Eine Torte zum falschen Geburtstag

Ist Perus Präsident Alberto Fujimori ein Geburtstagsschwindler, der laut Verfassung gar nicht Staatschef sein darf? Am Nationalfeiertag lobt Fujimori sich selbst und will von Krise nichts hören  ■ Von Ingo Malcher

Buenos Aires (taz) – Von solchen Maßen träumt jedes Kind: Sechs Tonnen schwer, neun Meter lang und zwei Meter breit war die Geburtstagstorte des peruanischen Präsidenten Alberto Fujimori. Mehr als tausend Menschen waren auf die Plaza Mayor in Lima gekommen, um den Geburtstag des Präsidenten zu feiern, und Fujimori bedankte sich für die „moralische Unterstützung“.
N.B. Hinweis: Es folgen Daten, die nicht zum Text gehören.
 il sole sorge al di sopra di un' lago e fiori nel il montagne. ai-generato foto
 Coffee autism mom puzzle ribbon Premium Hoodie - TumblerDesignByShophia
Die hat er dringend nötig. Denn die Opposition versalzte ihm den Geburtstagskuchen vergangene Woche ganz gehörig, als die Zeitschrift Caretas und ein Fernsehmagazin Dokumente veröffentlichten, die in Zweifel ziehen, daß Fujimori in Peru geboren wurde. Das Problem für den Kummer gewohnten Präsidenten: Gemäß der Verfassung muß in Peru geboren sein, wer Präsident des Landes werden will. Und mehr noch: Während Fujimori in alle Geburtstagskalender den 28. Juli eintrug, den peruanischen Nationalfeiertag, behauptet die Zeitschrift, tatsächlich hätte Fujimori erst am 4. August das Licht der Welt erblickt.

Was eigentlich jedes Jahr dasselbe Spiel ist, sah dieses Jahr dann auch so aus, als wolle er es noch einmal allen zeigen, wie sehr er Peruaner ist. Auf dem Weg zu seiner vielerwarteten Feiertagsansprache schmückte Fujimori am Montag seinen Anzug mit dem Rot-Weiß der peruanischen Flagge. Mit ernstem Gesicht stieg er die Treppe des alten Kongreßgebäudes hoch, vorbei an den in der Sonne schwitzenden Soldaten. Viele hatten erwartet, daß Fujimori zu den Skandalen Stellung nehmen werde, die das Land in den letzten Wochen heimgesucht hatten. Einiges wäre zu klären gewesen: die Aberkennung der Staatsbürgerschaft des Fernsehchefs Baruch Ivcher, der Abhörskandal und die Folter und Ermordung von ehemaligen Mitarbeitern des Geheimdienstes. Doch über all dies verlor Fujimori kein Wort.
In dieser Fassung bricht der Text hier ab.